Cosa c’entrano l’ipercapitalismo finanziario e il mondo dell’intelligence con la guerra contemporanea? E perchè il caso Telecom è stato uno straordinario esempio di guerra finanziaria? In questo articolo, pubblicato per la prima volta sulla rivista “Libertaria”, ho tracciato un quadro d’insieme. Buona lettura! A.G.
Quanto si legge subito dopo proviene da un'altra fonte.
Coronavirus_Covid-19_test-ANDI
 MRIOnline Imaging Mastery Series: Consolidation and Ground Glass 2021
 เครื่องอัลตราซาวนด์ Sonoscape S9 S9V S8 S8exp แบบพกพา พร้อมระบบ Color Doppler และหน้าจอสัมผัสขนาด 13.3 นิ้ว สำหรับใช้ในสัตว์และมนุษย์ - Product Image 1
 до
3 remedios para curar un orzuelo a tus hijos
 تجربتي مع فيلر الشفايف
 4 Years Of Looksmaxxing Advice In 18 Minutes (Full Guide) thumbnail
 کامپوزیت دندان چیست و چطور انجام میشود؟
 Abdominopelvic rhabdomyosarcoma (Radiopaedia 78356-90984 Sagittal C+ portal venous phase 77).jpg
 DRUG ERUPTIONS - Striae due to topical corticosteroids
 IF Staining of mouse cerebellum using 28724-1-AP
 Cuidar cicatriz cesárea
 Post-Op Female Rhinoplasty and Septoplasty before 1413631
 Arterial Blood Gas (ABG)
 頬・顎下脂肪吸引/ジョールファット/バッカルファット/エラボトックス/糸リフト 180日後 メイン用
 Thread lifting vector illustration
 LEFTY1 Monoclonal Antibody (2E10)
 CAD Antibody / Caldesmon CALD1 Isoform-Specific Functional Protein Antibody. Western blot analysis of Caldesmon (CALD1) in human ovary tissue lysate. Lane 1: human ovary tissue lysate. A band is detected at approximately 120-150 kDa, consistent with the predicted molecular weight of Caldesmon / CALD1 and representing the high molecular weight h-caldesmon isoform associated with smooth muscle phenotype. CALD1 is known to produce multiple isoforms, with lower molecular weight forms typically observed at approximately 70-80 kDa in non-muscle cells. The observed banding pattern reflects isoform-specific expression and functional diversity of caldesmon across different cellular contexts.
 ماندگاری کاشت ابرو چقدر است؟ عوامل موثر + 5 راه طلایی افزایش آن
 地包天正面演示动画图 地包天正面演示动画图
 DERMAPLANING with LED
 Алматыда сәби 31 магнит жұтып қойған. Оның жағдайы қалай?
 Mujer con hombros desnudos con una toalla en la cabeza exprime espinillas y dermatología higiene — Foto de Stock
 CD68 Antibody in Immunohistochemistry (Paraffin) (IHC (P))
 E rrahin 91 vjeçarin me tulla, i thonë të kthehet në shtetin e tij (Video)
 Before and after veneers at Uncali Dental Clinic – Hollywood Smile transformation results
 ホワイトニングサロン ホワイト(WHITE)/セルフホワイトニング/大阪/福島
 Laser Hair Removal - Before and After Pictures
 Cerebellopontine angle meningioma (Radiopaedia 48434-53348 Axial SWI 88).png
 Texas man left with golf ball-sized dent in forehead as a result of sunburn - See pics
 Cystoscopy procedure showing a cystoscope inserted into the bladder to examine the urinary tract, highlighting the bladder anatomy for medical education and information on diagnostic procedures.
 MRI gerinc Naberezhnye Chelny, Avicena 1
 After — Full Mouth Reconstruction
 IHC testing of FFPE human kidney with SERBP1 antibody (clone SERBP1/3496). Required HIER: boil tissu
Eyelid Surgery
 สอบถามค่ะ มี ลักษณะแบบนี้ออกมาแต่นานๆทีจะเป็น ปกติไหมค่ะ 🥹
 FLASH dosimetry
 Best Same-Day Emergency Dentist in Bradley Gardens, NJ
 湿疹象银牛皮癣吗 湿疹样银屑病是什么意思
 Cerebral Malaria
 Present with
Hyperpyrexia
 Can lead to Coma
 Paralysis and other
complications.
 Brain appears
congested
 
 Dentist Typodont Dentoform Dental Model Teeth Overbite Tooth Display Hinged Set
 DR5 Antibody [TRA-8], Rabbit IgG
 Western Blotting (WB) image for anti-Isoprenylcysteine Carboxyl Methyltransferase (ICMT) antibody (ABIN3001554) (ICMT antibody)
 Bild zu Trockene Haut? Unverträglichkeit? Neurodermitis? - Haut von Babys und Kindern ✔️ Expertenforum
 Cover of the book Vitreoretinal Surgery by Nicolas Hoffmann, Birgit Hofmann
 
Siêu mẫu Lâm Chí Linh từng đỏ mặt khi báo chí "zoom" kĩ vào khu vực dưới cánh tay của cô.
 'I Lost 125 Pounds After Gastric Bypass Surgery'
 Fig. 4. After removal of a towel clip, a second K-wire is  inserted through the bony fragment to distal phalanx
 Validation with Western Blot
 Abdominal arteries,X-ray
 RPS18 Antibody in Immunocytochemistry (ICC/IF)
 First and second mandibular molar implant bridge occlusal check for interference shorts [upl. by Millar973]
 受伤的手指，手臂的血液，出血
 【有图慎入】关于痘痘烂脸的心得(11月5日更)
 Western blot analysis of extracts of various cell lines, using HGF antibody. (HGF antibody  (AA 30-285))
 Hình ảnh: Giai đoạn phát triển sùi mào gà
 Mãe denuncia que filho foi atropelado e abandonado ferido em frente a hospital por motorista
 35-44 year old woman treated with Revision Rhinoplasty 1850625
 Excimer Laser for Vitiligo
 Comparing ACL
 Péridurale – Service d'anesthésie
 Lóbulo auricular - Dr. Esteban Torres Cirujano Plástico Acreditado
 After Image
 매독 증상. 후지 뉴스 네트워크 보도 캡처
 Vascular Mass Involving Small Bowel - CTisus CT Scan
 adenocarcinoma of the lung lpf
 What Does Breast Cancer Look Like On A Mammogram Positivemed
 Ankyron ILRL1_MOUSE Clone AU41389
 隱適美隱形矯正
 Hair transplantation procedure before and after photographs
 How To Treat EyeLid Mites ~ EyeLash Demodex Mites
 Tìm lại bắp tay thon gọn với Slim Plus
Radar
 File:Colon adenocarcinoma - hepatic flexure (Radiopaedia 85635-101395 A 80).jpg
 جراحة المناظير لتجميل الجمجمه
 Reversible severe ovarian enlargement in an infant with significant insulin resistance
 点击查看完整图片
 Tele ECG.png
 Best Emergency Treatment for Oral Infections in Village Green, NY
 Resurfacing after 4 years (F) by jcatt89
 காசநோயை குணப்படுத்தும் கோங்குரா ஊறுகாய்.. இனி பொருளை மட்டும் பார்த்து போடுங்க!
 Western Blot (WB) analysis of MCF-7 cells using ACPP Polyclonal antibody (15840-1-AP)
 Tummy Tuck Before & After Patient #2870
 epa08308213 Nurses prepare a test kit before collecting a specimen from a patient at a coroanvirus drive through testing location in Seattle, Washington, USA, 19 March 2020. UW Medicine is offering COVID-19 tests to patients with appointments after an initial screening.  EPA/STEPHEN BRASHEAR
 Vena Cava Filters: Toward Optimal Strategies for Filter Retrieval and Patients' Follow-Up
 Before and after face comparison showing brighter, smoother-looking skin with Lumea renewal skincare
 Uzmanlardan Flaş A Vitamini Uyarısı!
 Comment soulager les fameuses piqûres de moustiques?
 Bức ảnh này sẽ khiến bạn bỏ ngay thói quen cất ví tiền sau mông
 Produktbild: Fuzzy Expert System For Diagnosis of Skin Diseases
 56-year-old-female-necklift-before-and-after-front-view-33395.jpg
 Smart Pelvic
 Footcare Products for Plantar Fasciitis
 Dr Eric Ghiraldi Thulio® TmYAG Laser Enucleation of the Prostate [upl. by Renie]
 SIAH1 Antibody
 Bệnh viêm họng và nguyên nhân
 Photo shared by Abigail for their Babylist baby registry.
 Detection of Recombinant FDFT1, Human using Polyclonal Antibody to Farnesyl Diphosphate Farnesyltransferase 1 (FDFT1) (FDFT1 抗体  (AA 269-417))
1- Una parabola lunga tre lustri.

Quando lo sgangherato colpo di stato del 21 agosto 1991 terminò nel più completo insuccesso -la fine dell’Urss era ormai inevitabile-, fu evidente a tutti la fine del bipolarismo: il mondo aveva, ormai, una sola grande potenza. Questo indusse molti a facili previsioni di una nuova era di prosperità e di benessere: la fine del bipolarismo avrebbe posto termine alla gara per gli armamenti, le spese militari sarebbero crollate in un mondo pacificato (ci fu anche chi azzardò che si era giunti alla “fine della storia), gli investimenti si sarebbero riversati su attività pacifiche favorendo una crescita economica senza precedenti. Non é andata così. Tuttavia, fra tante previsioni sbagliate, ce ne fu una, riguardante il futuro dell’intelligence, che, invece, si rivelò abbastanza azzeccata.